Gardens need to be weeded to be beautiful. Plants need to be thinned so that the remaining ones are healthier. Unwelcome plants need to we weeded out.
It was with this kind of thinking that went into a massive Timber Stand Improvement (TSI) that we finished in 2010. It took 5-years to cover the 400-acres of woods at the PGT. Thousands of trees were cut with the goal of making the property more beautiful.
Ironically, the initial impact of this work was to liter the forest floor with dead trees that not only look worse but makes it more difficult to walk. I never knew it would be this messy!

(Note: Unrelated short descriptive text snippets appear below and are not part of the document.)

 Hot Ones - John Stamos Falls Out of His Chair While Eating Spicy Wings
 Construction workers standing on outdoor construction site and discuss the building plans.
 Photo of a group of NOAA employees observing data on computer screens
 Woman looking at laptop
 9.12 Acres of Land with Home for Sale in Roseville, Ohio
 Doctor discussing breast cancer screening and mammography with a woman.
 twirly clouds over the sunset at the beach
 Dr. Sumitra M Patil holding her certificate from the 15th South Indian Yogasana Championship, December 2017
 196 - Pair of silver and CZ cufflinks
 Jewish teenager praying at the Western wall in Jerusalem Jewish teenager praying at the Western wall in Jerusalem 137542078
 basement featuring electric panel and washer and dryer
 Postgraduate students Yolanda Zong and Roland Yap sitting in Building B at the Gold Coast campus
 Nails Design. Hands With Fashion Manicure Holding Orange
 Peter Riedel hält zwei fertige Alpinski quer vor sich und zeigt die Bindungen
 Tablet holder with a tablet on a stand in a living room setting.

I mistakenly assumed that with controlled burns and natural rotting the dead trees would disappear in a few years. For many trees that might be true but the most common tree that we killed was Eastern Red Cedar (Juniperus virginiana). Cedar trees are famous for their resistance to rot. The skeleton of a cut cedar tree can lay in the woods for 50-years without rotting. It turns out that controlled burns don’t get rid of them either.
To reach the goal of a more beautiful woods our two groundskeepers have to cut up, pile and burn each tree. This will take years to finish.
Would I do it again?
Yes! In the end I’m confident that our woods will look better and will be healthier. Since the mission of the PGT is to “inspire people by letting them experience the beauty of nature” it fits with our goals.
But it is a lot more work that I realized!